There is no category for art when one has to buy a piece. “When you file the remittance forms with banks, there is no classification for art, even though shares and property are mentioned as a category. Institutions and regulators need to take action to make it less cumbersome to own an art piece,” says an art collector from Noida.
Then comes the issue of customs. Customs clearance is quite daunting as customs officers are exposed to art purchases and need to be better equipped to assess the value of the imported product. There are cases where a painting has awaited clearance for months before being cleared.
Pick up in time or pay the penalty
Auction houses have strict timelines by which the buyer has to collect the painting and get it shipped to India. There could be additional charges if there is a delay. International auction houses also levy storage charges if the artwork is not collected in time ranging from 13-20% per annum, charged monthly. And then there are insurance costs. To be kept in mind is the fact that the RBI (Reserve Bank of India) has restrictions on remittance, and you could be questioned about the transactions or asked to submit additional documents.
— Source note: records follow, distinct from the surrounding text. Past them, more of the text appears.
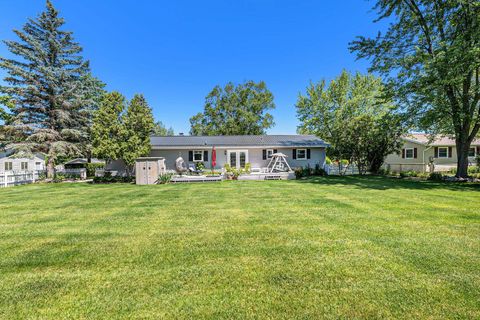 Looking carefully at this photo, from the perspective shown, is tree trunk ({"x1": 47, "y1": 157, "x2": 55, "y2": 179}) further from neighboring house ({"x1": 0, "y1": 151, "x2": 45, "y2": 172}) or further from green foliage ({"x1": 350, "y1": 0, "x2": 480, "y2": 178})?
green foliage ({"x1": 350, "y1": 0, "x2": 480, "y2": 178})

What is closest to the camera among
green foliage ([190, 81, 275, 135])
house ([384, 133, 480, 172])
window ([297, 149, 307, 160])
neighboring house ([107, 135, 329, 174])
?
neighboring house ([107, 135, 329, 174])

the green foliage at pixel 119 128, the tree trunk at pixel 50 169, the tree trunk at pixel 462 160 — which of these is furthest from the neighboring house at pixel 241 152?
the tree trunk at pixel 462 160

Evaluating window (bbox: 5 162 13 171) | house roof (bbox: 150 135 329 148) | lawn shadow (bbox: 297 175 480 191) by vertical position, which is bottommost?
lawn shadow (bbox: 297 175 480 191)

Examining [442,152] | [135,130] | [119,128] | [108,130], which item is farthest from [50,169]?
[442,152]

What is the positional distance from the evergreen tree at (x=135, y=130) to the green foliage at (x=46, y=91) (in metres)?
Answer: 7.47

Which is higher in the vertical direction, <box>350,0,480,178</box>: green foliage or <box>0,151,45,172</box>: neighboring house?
<box>350,0,480,178</box>: green foliage

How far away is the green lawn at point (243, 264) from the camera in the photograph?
2359mm

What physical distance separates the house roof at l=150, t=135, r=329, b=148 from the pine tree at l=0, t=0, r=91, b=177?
675cm

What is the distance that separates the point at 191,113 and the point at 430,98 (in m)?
36.2

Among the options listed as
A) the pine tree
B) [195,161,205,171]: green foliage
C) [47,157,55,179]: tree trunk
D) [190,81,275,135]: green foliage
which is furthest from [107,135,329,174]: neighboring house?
[190,81,275,135]: green foliage

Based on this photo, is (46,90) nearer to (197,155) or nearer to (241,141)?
(197,155)

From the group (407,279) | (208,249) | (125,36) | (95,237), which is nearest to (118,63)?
(125,36)

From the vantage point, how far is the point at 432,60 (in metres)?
11.6

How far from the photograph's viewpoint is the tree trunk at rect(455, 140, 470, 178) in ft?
44.1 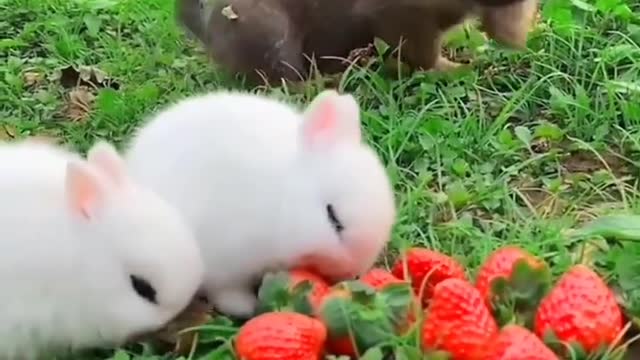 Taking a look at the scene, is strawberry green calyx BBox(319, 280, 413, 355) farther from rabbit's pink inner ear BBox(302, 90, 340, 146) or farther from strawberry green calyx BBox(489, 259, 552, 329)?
rabbit's pink inner ear BBox(302, 90, 340, 146)

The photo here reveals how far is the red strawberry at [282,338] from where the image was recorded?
1.79 meters

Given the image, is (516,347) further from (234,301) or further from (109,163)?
(109,163)

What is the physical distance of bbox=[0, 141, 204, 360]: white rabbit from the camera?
186 centimetres

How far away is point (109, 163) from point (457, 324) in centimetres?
52

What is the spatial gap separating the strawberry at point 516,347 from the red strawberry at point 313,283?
0.25 m

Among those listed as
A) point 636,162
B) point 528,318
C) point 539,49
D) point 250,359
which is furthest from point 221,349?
point 539,49

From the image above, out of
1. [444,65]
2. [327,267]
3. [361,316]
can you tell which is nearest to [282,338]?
[361,316]

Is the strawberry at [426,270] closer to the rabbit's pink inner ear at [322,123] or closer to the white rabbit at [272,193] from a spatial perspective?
the white rabbit at [272,193]

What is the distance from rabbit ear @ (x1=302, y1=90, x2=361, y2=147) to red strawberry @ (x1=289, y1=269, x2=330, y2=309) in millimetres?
184

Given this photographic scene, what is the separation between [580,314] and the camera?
1894 millimetres

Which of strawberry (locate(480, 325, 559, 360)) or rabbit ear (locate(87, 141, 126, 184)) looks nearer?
strawberry (locate(480, 325, 559, 360))

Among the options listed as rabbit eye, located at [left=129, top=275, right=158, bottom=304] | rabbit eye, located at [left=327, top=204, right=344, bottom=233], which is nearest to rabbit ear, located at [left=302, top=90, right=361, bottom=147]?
rabbit eye, located at [left=327, top=204, right=344, bottom=233]

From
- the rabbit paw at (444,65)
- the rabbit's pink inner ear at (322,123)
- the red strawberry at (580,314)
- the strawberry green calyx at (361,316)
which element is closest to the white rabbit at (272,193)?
the rabbit's pink inner ear at (322,123)

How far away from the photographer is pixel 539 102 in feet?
9.52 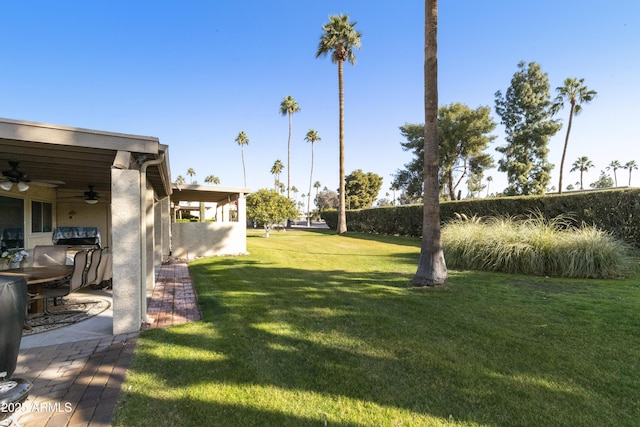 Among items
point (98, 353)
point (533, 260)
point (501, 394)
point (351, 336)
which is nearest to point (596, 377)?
point (501, 394)

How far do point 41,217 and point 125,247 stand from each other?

Also to be considered is local transport if the piece arrives at a specific port and needs to be delivered to another part of India. Other mandatory charges are import duties, packing, insurance, shipping and handling and other incidental charges. Import charges (customs duty + IGST) are an additional 24%, and port clearance charges are extra. The assistance of a reputed clearing agent is required to clear the artwork or jewellery from the port. Companies like AstaGuru handle all modalities related to purchasing, shipment, customs, insurance and delivery.
Beware of Fakes
These investments are not available for public trading and hence unregulated by SEBI, RBI or any other body, even globally by most regulators. Also, considering the varied mix of items, authentication of the pieces is a considerable challenge leading to a slew of fakes in the market. There are fake factories, particularly for prized art. Considering these factors, buying or selling art and artefacts has to be done through a reputed house. These houses take care of authenticity. Experts suggest that the buyer must seek a guarantee that if the artwork is fake, then the dealer or auction house would reimburse the money to the investor, considering that the legal process is time-consuming.
Storage is Crucial
Acquiring a piece is the first part. Then comes the issue of storing and securing the asset. These works have to be handled and stored appropriately, and this is not limited to just transportation and delivery. Art has to be taken care of once it is delivered to its destination. Damage, moisture or fungi will affect its originality impacting its value. Art has to be stored in air-conditioned rooms. In coastal areas, collectors must install de-humidifiers to avoid damage to the precious art pieces.
In a Nutshell
In a nutshell, a burgeoning Indian economy, diverse job / professional profiles, disposable incomes, and exposure to newer options like steadily appreciating rates of Gold and other precious metals & gems are offering wealthier and younger Indians never before avenues for investment. Over time, these routes would be the new normal, perhaps attracting a more significant number of investors from the other economic strata making the overall ecosystem even more vibrant and exciting. At C. Krishniah Chetty Group of Jewellers, we have always been ahead of the curve regarding market trends and emerging prospects. We will adopt early to offer our customers the best options and opportunities, enabling them to realise their aspirations.